Only a few years after, many more would leave forever on other ships – the ‘Marloch’, The ‘Canada’ and the ‘Metagama’: names that would resonate down through the years.
Lewis was not easy to live in. It struggled to support its native population and, frequently, the answer offered to the poor was ‘go elsewhere ’.
We hear their story often. The Lewis diaspora. They went to the ends of the earth and made the best of it. Some prospered. And some didn’t. Eventually, their deaths would be reported in the ‘Stornoway Gazette’, because, no matter where they were in the world, they belonged here. It was circumstance that sent them away.
Or, to give it another name, providence.
And that same providence kept others at home. Gradually, they honed a community from what was left. Even another war did not finish them.
Far from it.
The generation of young men who fought the war against Hitler, they were the old men of my childhood.

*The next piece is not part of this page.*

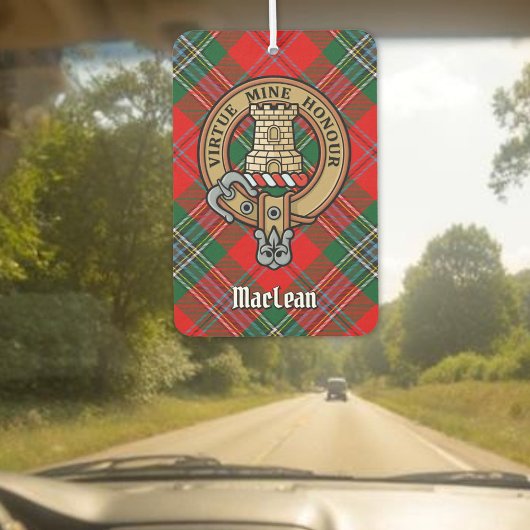 Clan MacLean Wappen über Tartan Autolufterfrischer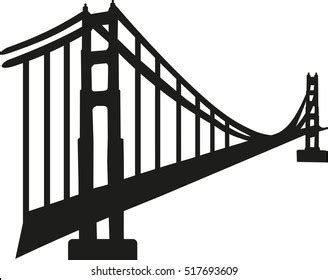 Silhouette Golden Gate Bridge Stock Vector (Royalty Free) 517693609 ...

There was something about many of them – a kindness, a patience and a quiet, dignified strength. They had seen horrors that my pampered mind cannot conjure. And they came back to this quiet place to make a life.

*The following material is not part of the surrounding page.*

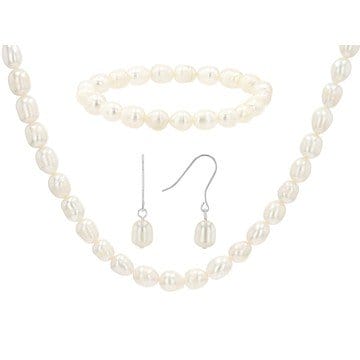 White Cultured Freshwater Pearl Sterling Silver Necklace Bracelet & Earring Set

Only four years after their return, a spiritual awakening began in Barvas. Such events can seem sudden to us, looking as we do through the lens of history.
But God prepares the ground before he plants. Mary Peckham, a reluctant convert in 1950, explained to an American audience many years later what the Lewis of her youth was like. She described how ‘gabhail an leabhair’ was the norm in every household – family worship morning and evening. Unconverted people, that is, as well as Christians. Everyone. And the children were educated in Scripture and in the Shorter Catechism. Little children were learning some very big truths.
And as a result, she said, when God sent His spirit down, ‘there was fuel to burn’.
You cannot make a fire by simply lighting a match, after all. There has to be fuel, and something to make it catch.
I was confined to the house recently because of a stubborn flu. And while I was, I listened to a Gaelic sermon I’d missed in our own church. It was about revival as prayed for in Psalm 126.
When the Lord restored the fortunes of Zion,we were like those who dreamed.
Our mouths were filled with laughter,
our tongues with songs of joy.
The psalmist is not indulging in wistful daydreams about better days long ago. He evokes an older time of bondage from which God released His people, asking – and believing – that He will do so again.
Being aware of our history and of our spiritual heritage as an island people is not an academic exercise, however, and nor is it a foray into nostalgia.
The writer of psalm 126 is not asking God to make things exactly as they were in the glorious days gone by. That wouldn’t benefit anyone, attractive though it may seem.
No, the reason we need to remember these times of revival is so that we pray in earnest that He will send His spirit down again. Nothing short of that will bring the spiritual growth we so desperately desire to see.
This time, though, the fuel is more scattered. While we meditate on God’s goodness in past days of revival, and ask Him in His mercy to remember us once more, there is something else we need to do.
We need to gather together, building up in prayer and fellowship what will become His fire when He chooses the moment to send forth the spark of life.
The history of Lewis is worth keeping in our consciousness because through it, God’s faithfulness frequently shines. As a people, we bore with providence and held fast to Him. I have written elsewhere of how the twin demons of war and emigration were faced down with the singing of psalms. God’s providence is our inheritance, the motto of the old town council, says it best.
He has shown Himself faithful through it all; what reason have we to think that He will fail us now?
He hasn’t; He won’t. We must bear with His timescales and His plan. Think of what he has brought us from and what He has brought us to. Think of who He is and what He has done.
That’s who we are counting on – not governments, or economists, not churches, and certainly not ourselves.
His providence is our inheritance, and our heritage is established by Him. It is an unquenchable flame, and He is not finished with us yet.